The Department of the Interior is proposing strict new rules for fracking on federal land. As Kathleen Sgamma of the Western Energy Alliance explains, states, not the federal government, are at the forefront of fracking regulation. That’s why there is no need for these new federal rules:
Colorado has completed multiple rounds of rule-making over more than a decade, with increasing intensity in recent years. Wyoming is in a race to the top with Colorado in claiming the mantle of the state with the most stringent regulations. North Dakota, Texas, and in fact all western states with sizeable oil and natural gas development had updated their rules well before the federal government jumped in. In fact, 99.97 percent of the permits to drill approved last year by the Interior Department were in states with recently updated fracking regulations, with just one well in a state currently updating its rules…

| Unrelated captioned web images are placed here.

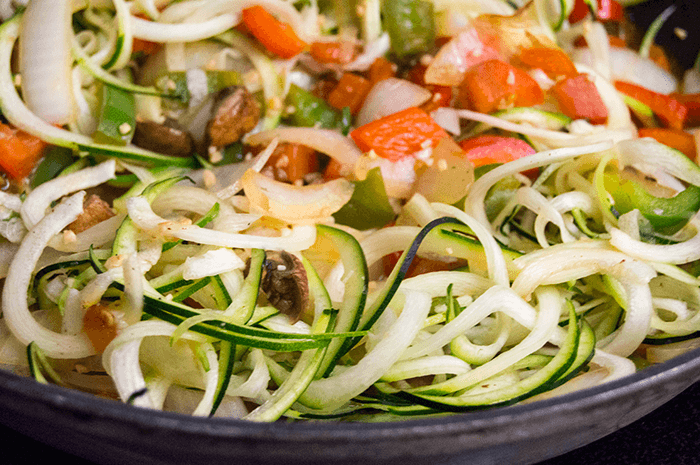 zoodles with onions and peppers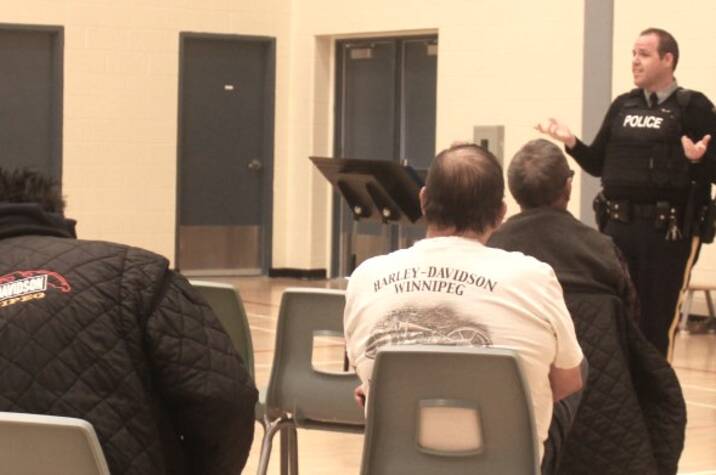 Police officer speaks to people in a school gymnasium.
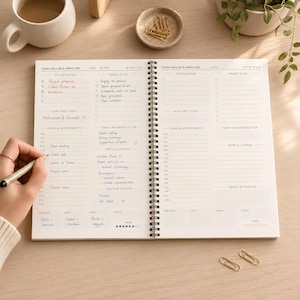 May include: A spiral-bound daily planner open to two pages with sections for top priorities, to-do lists, appointments, and health tracking. The left page is filled with handwritten notes in blue and red ink, including the date 12/05 and daily tasks.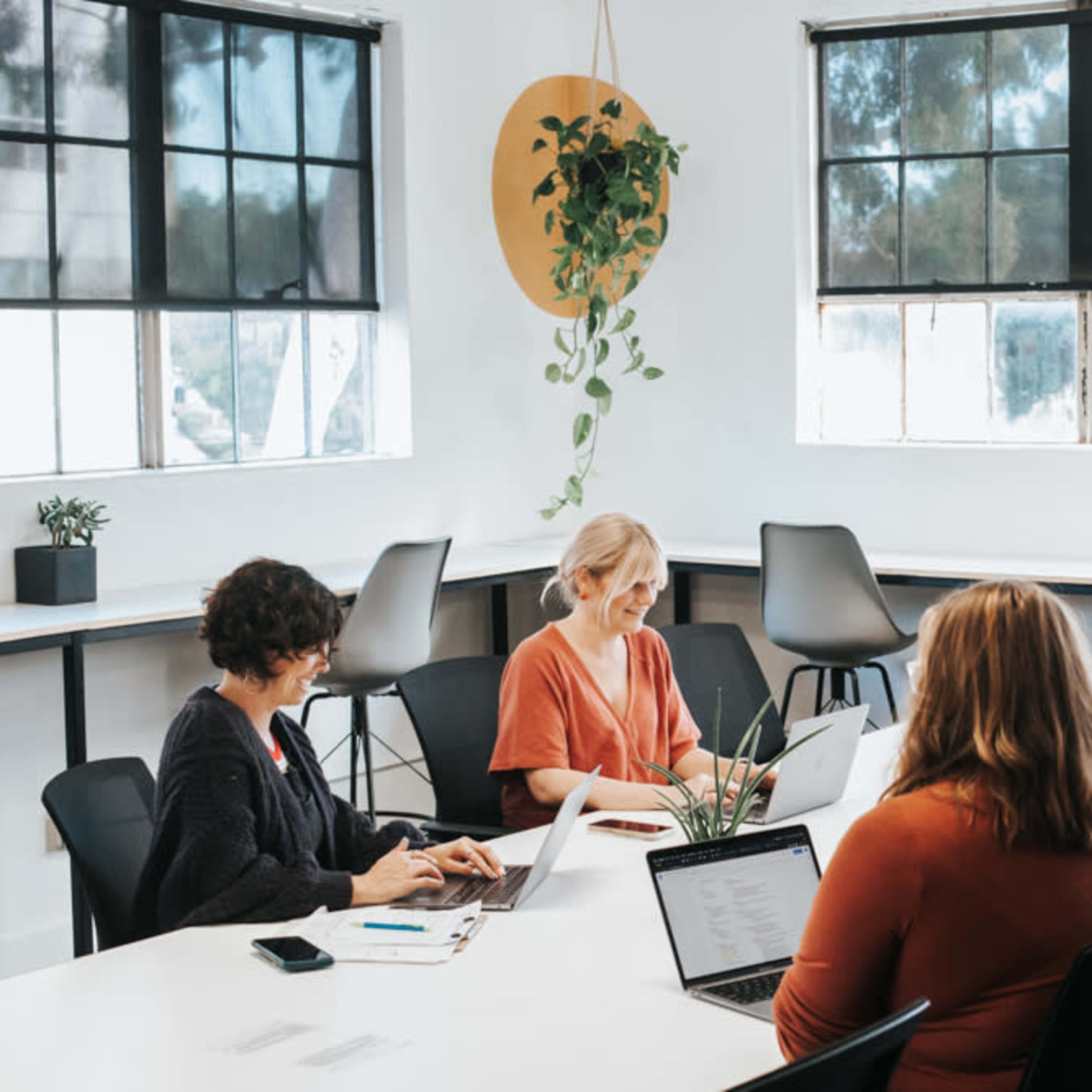 A group of five people are seated around a table in a well-lit office space, working on laptops and notebooks.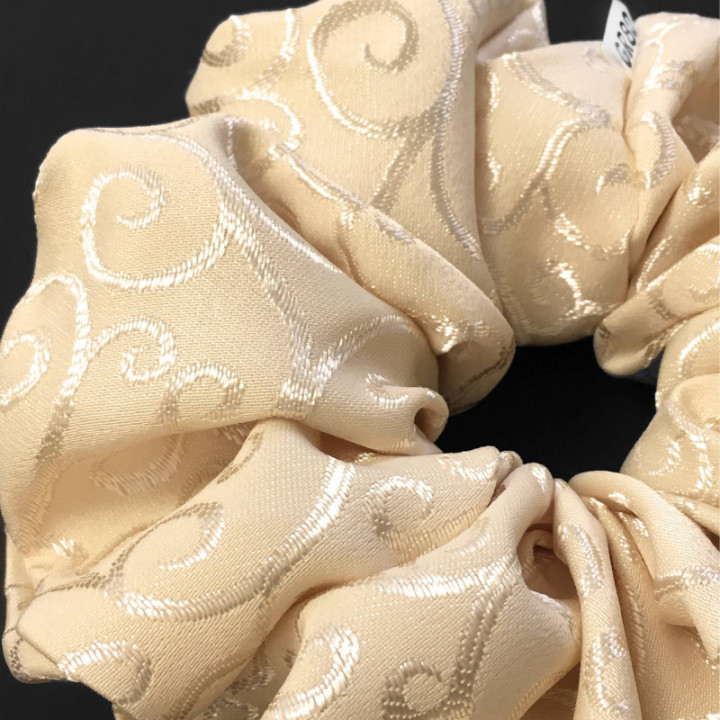 Óriás, inda mintával hímzett hajgumi (scrunchie) prémium minőségű anyagból. Átmérője kb. 16-17 cm. Ekrü/bézs szín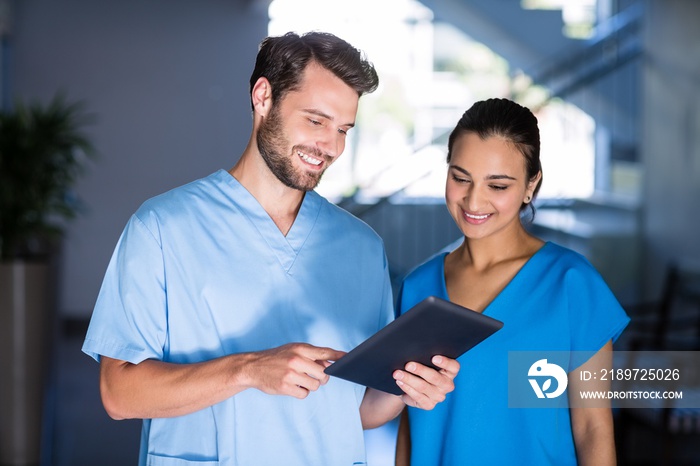 Doctors using digital tablet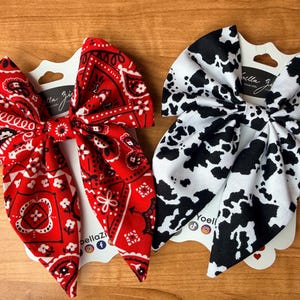 May include: Two fabric hair bows. One is red with a white paisley pattern. The other is white with black cow spots. Both are attached to white cardstock with the brand name "bella zi" printed on them.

Despite the characterization from the federal government, there is simply no regulatory gap. States have an exemplary safety record, as there is not one example of the fracking process resulting in the contamination of underground drinking water. But don’t take my word for it; all Interior and Energy secretaries and EPA administrators under President Barack Obama have vouched for the safety of fracking.
If these regulations are enacted, it could discourage energy production on federal land. That would hurt our economy and our energy security. The Interior Department should do the right thing and withdraw these rules. It should let the experts – the states – handle fracking regulation.